Only the lines from the one containing "Kadın Beyaz Mini Fırfırlı Etek" through the one containing "Piastra attacco tangone" should be printed, exactly as they appear below, with both ends included.

**Material shown:**
* * *

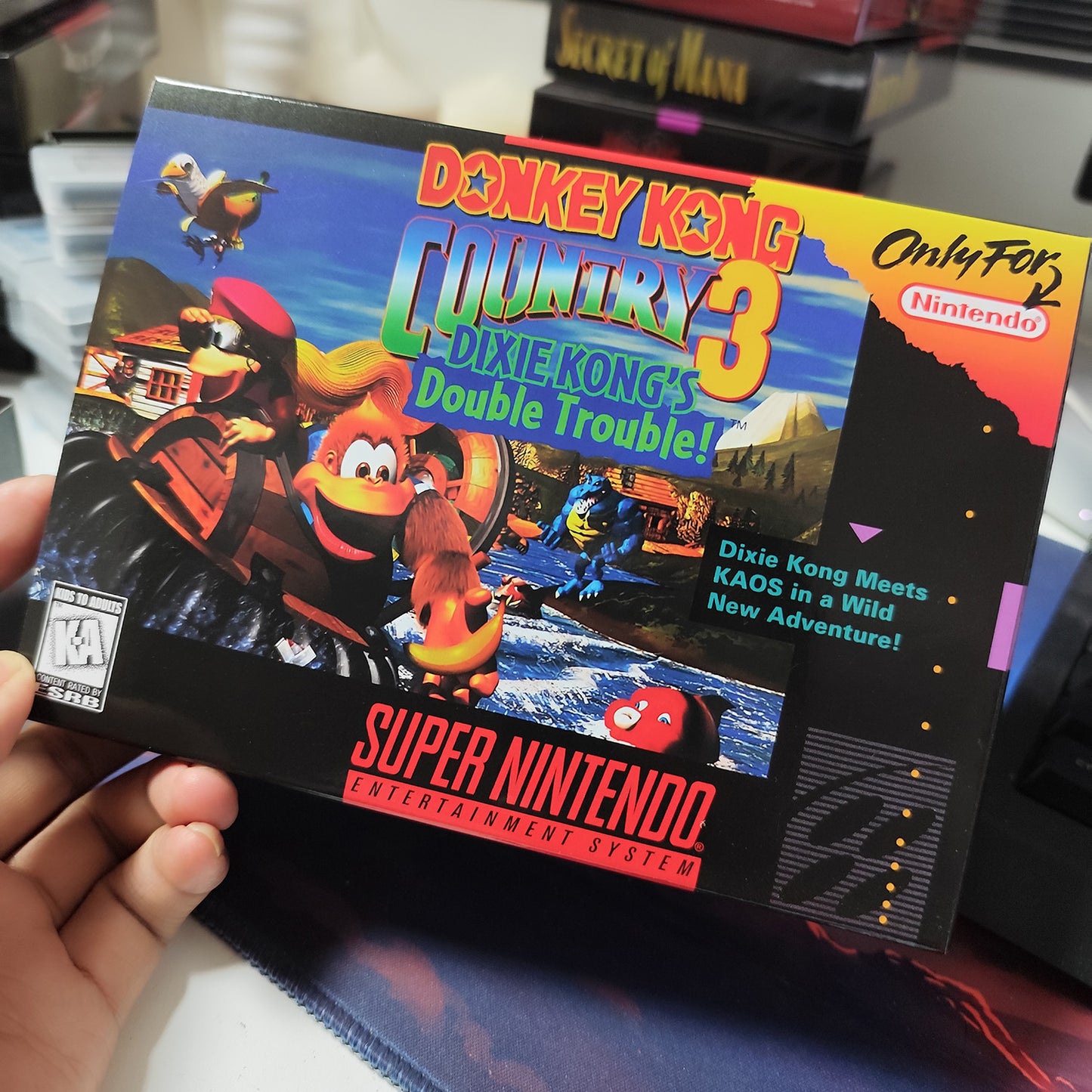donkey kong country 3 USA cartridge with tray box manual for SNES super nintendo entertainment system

* * *

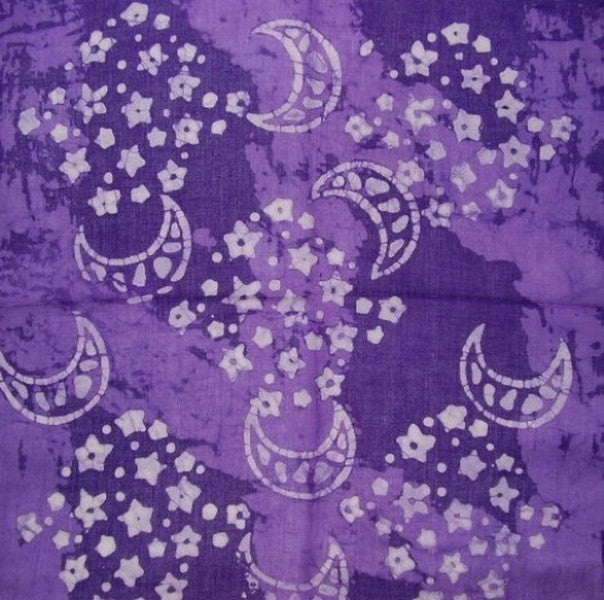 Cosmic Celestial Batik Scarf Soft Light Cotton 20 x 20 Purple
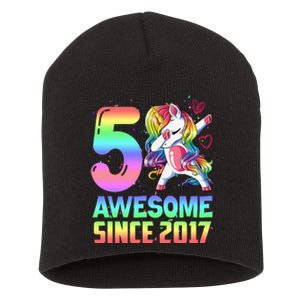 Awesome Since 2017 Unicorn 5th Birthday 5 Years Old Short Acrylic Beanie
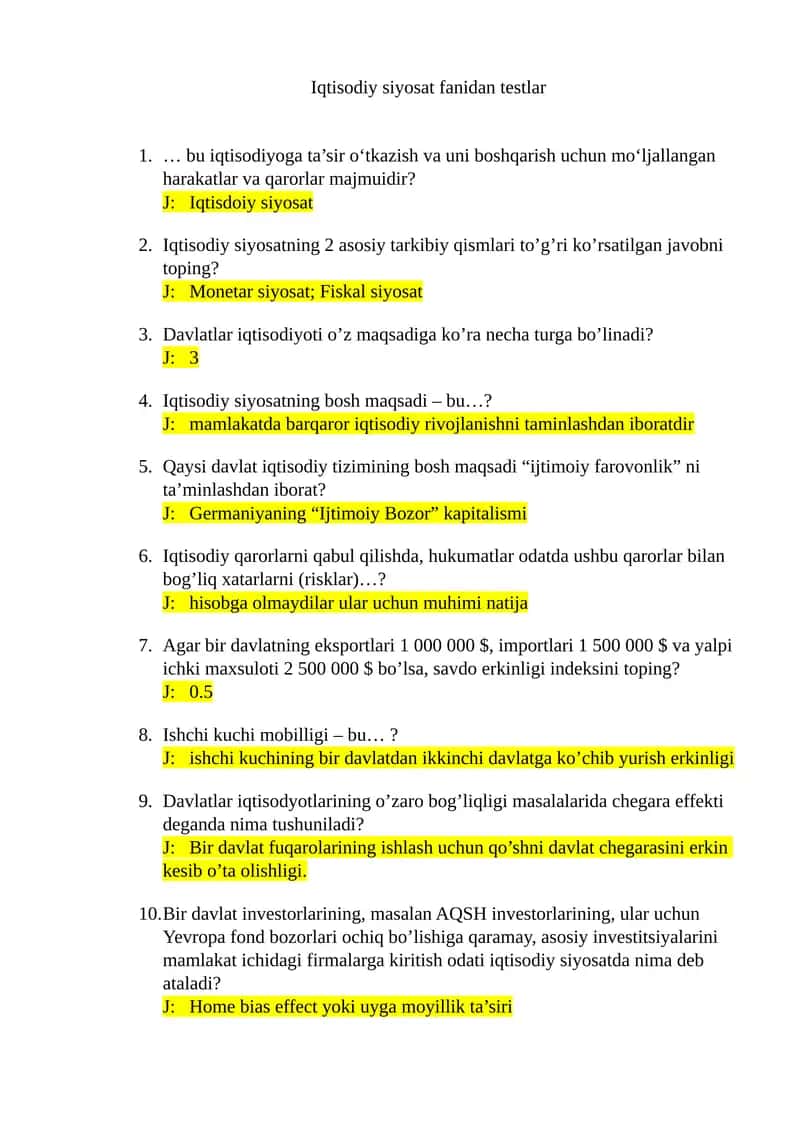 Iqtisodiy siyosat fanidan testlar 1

* * *

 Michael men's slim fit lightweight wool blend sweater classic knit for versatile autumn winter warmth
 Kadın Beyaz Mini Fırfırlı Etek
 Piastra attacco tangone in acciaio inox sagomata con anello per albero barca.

* * *

**Exercise solution:**
 Kadın Beyaz Mini Fırfırlı Etek
 Piastra attacco tangone in acciaio inox sagomata con anello per albero barca.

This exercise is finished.